More Summer Tire Thrashing
Road Dirt’s summer tire shootout is back.
Last spring, after Dave “White Girl” Wensveen and I grossly over caffeinated ourselves, our acute grasp of the obvious made us realize we had the exact same bike. I suggested that it would be a perfect test bed for tires. Two identical bikes, two identical riders, each following the other around all spring, summer and fall while testing and taking notes sounded like the ideal way to put to bed all of the heresy regarding tire performance.
Road Dirt’s official tire testing machines, a pair of Honda’s legendary VFR800s. We put 10,000 miles in 5 months in everything from Northwest downpours to central California heat to test them in every condition you might experience.

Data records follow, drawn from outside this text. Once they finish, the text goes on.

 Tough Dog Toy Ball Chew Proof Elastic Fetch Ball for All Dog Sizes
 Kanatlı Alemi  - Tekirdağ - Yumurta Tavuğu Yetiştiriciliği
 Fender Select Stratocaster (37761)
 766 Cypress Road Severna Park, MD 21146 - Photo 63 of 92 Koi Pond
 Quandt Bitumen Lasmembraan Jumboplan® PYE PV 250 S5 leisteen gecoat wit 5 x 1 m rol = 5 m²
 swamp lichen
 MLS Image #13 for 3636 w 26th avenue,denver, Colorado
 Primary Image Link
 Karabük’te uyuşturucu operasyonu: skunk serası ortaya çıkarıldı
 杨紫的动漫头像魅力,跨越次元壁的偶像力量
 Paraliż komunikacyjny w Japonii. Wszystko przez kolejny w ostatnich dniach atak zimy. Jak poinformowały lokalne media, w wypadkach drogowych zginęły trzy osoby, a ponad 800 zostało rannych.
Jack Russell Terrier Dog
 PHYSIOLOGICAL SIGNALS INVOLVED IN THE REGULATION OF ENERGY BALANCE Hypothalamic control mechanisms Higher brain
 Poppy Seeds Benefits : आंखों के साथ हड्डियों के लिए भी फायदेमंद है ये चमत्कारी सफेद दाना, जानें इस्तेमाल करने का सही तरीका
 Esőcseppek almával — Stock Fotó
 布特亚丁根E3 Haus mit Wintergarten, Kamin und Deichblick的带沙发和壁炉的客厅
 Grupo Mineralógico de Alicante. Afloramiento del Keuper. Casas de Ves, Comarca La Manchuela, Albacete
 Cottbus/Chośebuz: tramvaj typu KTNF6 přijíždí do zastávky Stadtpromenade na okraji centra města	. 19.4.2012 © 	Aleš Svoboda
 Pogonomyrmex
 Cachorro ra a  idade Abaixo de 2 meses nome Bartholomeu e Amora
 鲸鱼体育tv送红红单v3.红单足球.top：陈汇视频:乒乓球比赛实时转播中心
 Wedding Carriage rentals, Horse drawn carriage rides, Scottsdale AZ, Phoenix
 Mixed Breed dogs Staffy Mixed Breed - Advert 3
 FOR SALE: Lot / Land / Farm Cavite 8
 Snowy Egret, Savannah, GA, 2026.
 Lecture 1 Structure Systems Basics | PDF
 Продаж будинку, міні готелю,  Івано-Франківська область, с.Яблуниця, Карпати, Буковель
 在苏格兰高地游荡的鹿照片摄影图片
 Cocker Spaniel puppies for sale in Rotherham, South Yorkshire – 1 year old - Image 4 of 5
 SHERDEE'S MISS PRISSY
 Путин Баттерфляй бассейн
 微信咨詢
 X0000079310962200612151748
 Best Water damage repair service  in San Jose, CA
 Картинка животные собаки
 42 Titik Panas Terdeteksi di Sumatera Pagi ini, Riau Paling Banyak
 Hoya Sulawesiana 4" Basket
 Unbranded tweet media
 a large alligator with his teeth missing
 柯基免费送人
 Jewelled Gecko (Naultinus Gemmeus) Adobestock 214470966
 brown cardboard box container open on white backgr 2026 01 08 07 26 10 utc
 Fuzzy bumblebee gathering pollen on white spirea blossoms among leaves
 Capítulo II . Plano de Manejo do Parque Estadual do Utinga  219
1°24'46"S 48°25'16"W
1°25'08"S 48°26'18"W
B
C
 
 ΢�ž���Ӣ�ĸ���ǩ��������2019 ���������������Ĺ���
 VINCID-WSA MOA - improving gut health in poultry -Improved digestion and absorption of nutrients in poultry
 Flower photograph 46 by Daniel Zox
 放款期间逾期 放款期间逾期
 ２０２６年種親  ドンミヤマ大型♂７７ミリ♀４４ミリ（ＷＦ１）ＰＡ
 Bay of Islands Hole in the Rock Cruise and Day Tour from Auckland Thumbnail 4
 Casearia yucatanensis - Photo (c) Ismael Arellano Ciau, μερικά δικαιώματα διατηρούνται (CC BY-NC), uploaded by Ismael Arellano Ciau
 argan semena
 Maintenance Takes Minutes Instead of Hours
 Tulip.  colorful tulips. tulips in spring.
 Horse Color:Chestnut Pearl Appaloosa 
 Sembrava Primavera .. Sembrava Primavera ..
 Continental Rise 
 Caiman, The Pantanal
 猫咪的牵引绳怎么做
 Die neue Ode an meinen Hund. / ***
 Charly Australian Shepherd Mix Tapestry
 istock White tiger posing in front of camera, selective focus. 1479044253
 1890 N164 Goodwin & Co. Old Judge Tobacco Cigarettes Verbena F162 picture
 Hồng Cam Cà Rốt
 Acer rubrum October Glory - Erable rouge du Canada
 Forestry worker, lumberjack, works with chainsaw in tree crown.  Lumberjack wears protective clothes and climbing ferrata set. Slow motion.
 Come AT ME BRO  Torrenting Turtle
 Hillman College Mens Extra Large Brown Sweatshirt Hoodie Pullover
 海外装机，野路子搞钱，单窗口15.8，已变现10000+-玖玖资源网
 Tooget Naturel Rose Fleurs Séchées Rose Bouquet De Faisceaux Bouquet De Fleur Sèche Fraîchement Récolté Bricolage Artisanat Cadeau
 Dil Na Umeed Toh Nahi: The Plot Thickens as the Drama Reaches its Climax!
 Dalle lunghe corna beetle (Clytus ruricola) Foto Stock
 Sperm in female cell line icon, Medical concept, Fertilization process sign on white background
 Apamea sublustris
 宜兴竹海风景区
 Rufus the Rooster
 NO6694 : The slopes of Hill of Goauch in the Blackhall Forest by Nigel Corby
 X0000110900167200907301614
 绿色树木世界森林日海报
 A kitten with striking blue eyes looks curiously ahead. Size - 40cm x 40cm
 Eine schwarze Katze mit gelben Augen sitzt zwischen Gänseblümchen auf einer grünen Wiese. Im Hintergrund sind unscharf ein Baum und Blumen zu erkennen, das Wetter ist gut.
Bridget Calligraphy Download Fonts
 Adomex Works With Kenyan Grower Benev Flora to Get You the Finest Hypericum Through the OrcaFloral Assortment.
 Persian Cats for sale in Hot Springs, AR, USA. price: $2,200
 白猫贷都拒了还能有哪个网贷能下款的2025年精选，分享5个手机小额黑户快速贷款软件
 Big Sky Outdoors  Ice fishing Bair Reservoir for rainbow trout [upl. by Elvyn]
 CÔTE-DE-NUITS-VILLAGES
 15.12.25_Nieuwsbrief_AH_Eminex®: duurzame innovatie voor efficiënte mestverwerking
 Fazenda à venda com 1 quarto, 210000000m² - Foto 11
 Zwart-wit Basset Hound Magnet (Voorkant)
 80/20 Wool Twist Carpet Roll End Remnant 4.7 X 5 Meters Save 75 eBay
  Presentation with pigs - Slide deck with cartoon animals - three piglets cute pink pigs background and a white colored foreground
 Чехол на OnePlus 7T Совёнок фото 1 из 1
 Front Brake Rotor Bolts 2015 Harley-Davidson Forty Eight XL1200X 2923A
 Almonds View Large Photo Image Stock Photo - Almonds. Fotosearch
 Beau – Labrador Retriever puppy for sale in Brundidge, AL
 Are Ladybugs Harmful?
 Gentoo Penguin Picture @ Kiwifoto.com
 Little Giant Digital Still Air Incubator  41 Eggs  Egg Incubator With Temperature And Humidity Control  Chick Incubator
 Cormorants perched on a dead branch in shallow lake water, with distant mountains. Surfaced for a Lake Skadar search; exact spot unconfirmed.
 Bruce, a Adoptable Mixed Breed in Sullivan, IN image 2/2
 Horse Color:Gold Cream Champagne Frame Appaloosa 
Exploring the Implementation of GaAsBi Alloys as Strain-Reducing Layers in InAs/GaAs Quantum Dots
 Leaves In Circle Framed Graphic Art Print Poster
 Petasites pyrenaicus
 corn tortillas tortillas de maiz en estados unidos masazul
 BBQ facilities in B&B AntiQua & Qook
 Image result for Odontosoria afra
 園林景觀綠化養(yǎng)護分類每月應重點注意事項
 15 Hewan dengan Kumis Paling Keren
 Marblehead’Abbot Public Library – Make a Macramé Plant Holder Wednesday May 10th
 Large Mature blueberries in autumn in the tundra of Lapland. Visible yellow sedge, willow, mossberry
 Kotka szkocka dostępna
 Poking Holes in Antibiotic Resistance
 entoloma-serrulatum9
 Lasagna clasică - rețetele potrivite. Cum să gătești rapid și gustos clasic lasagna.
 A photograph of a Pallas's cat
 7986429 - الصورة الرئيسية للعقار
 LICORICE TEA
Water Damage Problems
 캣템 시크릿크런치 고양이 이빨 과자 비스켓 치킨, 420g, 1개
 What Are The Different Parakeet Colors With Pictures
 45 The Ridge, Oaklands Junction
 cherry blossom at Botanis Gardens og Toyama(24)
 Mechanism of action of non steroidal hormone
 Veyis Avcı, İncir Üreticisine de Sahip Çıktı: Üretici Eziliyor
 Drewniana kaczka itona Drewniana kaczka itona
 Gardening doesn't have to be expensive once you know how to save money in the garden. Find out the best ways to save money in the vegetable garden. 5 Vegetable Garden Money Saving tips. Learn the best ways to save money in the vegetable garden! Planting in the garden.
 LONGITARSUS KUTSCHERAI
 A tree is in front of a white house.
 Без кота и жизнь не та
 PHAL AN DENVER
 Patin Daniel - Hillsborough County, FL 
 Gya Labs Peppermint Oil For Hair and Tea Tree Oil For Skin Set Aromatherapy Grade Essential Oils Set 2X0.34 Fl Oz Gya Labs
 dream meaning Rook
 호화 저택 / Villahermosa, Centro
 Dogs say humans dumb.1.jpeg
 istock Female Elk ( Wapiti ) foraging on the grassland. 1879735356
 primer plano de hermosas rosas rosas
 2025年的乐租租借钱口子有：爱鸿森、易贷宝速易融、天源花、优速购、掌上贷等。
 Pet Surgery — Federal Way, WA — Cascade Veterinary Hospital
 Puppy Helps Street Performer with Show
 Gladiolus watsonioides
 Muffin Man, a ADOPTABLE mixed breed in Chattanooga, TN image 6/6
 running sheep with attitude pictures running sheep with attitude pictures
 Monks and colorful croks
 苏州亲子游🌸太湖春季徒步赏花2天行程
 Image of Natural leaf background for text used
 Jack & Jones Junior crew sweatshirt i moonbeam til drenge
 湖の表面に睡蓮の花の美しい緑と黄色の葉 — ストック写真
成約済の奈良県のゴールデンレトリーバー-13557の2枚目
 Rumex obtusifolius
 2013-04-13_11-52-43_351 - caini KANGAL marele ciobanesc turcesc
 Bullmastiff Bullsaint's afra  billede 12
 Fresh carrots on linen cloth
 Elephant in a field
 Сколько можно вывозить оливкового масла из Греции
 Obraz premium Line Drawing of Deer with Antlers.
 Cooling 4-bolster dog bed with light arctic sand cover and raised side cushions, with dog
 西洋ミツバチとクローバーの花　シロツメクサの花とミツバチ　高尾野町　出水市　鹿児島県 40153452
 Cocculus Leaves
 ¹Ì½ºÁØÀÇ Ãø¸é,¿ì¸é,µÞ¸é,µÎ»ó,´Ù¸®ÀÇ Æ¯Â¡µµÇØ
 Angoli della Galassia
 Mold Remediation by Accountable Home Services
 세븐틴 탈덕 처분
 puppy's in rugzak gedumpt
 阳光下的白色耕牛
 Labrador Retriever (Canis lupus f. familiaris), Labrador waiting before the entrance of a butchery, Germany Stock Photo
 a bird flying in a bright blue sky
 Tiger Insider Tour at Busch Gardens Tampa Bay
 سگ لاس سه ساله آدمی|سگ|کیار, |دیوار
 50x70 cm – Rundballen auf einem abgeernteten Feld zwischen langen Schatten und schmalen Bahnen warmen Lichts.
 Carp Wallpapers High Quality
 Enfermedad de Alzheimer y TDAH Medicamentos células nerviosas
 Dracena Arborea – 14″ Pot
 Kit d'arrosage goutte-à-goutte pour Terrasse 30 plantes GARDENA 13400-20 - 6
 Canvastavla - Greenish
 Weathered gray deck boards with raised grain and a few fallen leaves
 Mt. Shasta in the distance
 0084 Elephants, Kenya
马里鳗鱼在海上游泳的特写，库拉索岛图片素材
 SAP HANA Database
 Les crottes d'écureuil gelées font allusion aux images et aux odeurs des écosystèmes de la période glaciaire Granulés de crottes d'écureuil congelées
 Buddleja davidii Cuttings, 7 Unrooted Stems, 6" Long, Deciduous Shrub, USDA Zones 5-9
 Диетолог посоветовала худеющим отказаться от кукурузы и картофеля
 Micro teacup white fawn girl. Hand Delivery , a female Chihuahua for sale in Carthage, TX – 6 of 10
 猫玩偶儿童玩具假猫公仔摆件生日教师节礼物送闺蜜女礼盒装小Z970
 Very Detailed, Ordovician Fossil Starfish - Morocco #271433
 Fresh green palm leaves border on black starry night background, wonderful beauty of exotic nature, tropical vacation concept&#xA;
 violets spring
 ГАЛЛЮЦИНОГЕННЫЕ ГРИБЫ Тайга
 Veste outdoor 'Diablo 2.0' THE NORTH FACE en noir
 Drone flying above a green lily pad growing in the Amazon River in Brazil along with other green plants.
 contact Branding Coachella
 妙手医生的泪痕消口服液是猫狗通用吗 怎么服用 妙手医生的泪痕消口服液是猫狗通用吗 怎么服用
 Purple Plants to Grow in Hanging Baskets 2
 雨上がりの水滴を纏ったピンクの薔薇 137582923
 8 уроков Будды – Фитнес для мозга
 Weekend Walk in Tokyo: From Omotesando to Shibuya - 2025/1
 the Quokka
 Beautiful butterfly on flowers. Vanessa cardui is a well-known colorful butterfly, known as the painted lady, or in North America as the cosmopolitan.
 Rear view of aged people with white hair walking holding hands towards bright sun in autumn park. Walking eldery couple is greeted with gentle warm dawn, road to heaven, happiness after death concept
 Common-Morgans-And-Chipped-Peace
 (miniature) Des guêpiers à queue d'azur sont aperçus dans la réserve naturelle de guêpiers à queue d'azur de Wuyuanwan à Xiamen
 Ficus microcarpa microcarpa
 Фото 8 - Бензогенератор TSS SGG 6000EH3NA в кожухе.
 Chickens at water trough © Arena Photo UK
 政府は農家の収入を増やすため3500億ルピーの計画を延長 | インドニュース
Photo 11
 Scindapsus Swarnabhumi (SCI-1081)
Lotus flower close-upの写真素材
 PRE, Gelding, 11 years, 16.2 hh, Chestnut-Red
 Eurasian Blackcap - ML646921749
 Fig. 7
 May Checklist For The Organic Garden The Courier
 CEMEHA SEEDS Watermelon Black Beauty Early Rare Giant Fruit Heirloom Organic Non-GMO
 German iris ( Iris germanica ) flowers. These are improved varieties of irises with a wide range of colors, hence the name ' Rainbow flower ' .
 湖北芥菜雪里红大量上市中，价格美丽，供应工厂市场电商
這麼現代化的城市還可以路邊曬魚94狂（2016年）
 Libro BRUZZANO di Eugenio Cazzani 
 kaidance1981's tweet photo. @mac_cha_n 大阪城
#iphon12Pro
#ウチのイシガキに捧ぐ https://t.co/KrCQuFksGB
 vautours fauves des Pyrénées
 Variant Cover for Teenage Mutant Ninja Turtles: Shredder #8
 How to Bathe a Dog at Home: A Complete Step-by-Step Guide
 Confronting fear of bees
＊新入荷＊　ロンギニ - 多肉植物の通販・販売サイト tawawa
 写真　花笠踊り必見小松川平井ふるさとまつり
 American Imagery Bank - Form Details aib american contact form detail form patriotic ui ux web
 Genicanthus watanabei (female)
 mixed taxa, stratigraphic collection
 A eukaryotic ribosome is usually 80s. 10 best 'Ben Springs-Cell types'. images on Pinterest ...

So we did exactly that. White Girl’s 2001 Honda VFR800 wore my favorite sport touring tire, Pirelli’s Angel GT, while my 1998 VFR800 rode on Dunlop’s Roadsmart IV. Having never ridden Dunlops I was admittedly biased towards the Pirellis. I toured on the Angel GT for countless thousands of miles and trusted them in any condition.
At the end of testing, the Dunlops proved their worth. They handled better fresh to worn, had just as adequate dry and wet grip and easily outlasted the Pirellis. Dunlops were down to cord after 9,434 miles while the Pirellis were shot after 5,237 miles. Dunlop’s Roadsmart IV won both of us over.
It takes two to make a thing go right. It takes two make it outta sight. I wanna rock right now.
However, the test raised just as many questions as it answered. One common question was why did we get so few miles out of the Pirellis? Speed, heat and road surface could be the culprits. Eastern Oregon, one of our favorite haunts, has chip seal like 40 grit sandpaper combined with desert temperatures. Combine those elements with our heavy right wrists and tires don’t stand much of a chance. But remember, both tires were on identical bikes, ridden in formation, in the same conditions all summer. Each was subjected to the same torture and the Dunlops handled it all better.
The second question was about the other touring tire giant, Michelin’s new Road 6. Many sport touring riders are Michelin loyalists and wanted another tire test. So, by popular demand from both of our readers, we are back for another summer tire shootout.
Tires, tires and more tires at Road Dirt’s Pacific Northwest headquarters and garage. Keen eyes might notice the semi-slick Dunlop Q5S at the front of the pile. Those will be tested at the track at a later date.
Dunlop has provided us with a replacement set of Roadsmart IVs while I paid out of pocket for a set of Road 6s. Both tires are roughly at the same price point- PR6s are $209 for a front and $264 for a rear at this writing while Dunlop’s RS4 is $192 front and $255 rear. To even out bias, White Girl will mount the Dunlops on his VFR while I ride the Michelins.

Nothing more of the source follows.